Festival Tịch Điền bermula pada masa pemerintahan Raja Lê Đại Hành (abad ke-10). Legenda mengatakan bahwa setelah mengalahkan penjajah asing, Raja Lê Đại Hành kembali ke kampung halamannya dan memutuskan untuk secara pribadi membajak ladang pertama untuk mendorong rakyat agar fokus pada produksi pertanian . Sejak itu, tradisi Tịch Điền telah dipertahankan melalui banyak dinasti feodal, membawa makna yang sangat besar: mempromosikan produksi pertanian, memperkuat ikatan antara raja dan rakyat, menunjukkan semangat "menghormati petani," dan mendorong semua orang untuk bekerja sama demi kemakmuran seluruh masyarakat.
Setelah sempat terhenti, pada tahun 2009, Provinsi Ha Nam secara resmi memulihkan Festival Doi Son Tich Dien dan terus menyelenggarakannya hingga saat ini. Setiap tahun, festival ini menarik banyak penduduk lokal dan wisatawan dari seluruh penjuru untuk mengagumi dan berpartisipasi.

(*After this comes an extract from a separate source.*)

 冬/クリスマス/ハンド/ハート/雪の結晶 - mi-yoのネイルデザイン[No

Bapak Ngo Van Lien - Wakil Sekretaris Komite Partai Kota dan Ketua Komite Rakyat Kota Duy Tien - menyampaikan pidato pembukaan pada Festival Tich Dien.

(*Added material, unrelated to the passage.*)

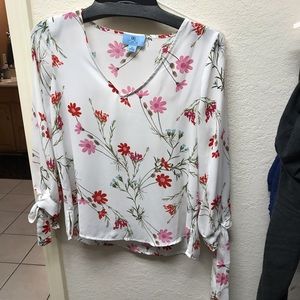 Cece top lovely colors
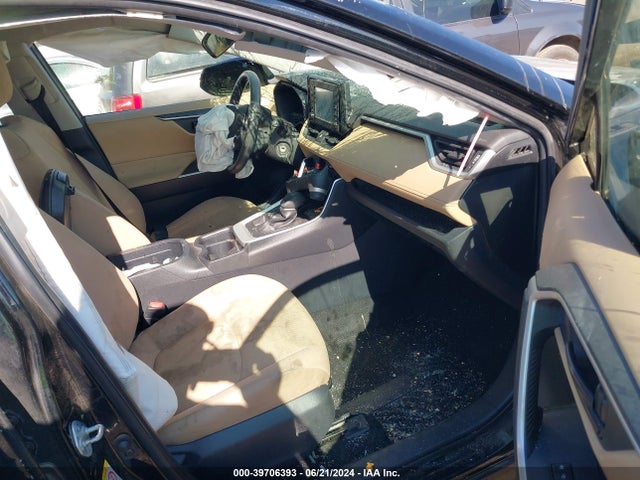Toyota RAV4 LE 2019 JTMF1RFV8KJ005572 Image 5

Kerbau yang memenangkan hadiah pertama dalam kontes dekorasi kerbau di Festival Tich Dien Doi Son menarik perhatian masyarakat.
Puncak acara festival ini adalah pementasan ulang upacara tradisional "Tich Dien". Mengenakan pakaian raja dan petani zaman dahulu, perwakilan dari pimpinan provinsi Ha Nam, bersama dengan seorang penduduk desa terpilih yang berperan sebagai raja, memimpin seekor kerbau ke ladang untuk membajak alur pertama. Gambaran yang khidmat dan simbolis ini mengingatkan generasi sekarang akan pentingnya produksi pertanian dan menyampaikan pesan untuk menghormati para petani – mereka yang memainkan peran utama dalam memastikan ketahanan pangan.

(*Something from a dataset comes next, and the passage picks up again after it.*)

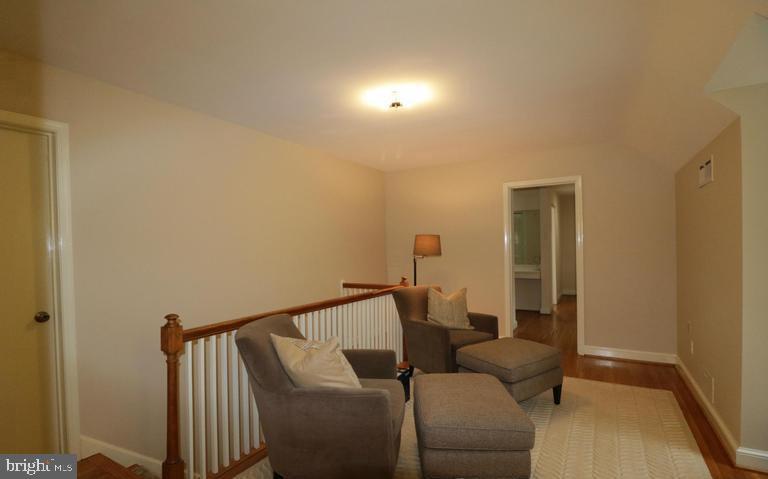 9204 Cedar Way Bethesda, MD 20814 - Photo 22 of 30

Selain upacara utama, panitia juga menyelenggarakan banyak kegiatan budaya dan seni yang kaya akan identitas tradisional, seperti: nyanyian Cheo, nyanyian tanya jawab, permainan rakyat (gulat, tarik tambang, adu ayam, adu nasi...). Kegiatan-kegiatan ini tidak hanya menciptakan suasana meriah dan gembira di awal tahun baru, tetapi juga berkontribusi dalam melestarikan dan mempromosikan nilai-nilai budaya tak benda yang khas dari wilayah Delta Utara.
Pasukan polisi dikerahkan untuk menjaga keamanan dan ketertiban di Festival Tich Dien 2025.
Ribuan warga setempat berkumpul untuk menyaksikan upacara pembukaan festival Tich Dien.
Festival Doi Son Tich Dien 2025 adalah salah satu festival yang paling ditunggu-tunggu di awal musim semi di provinsi Ha Nam.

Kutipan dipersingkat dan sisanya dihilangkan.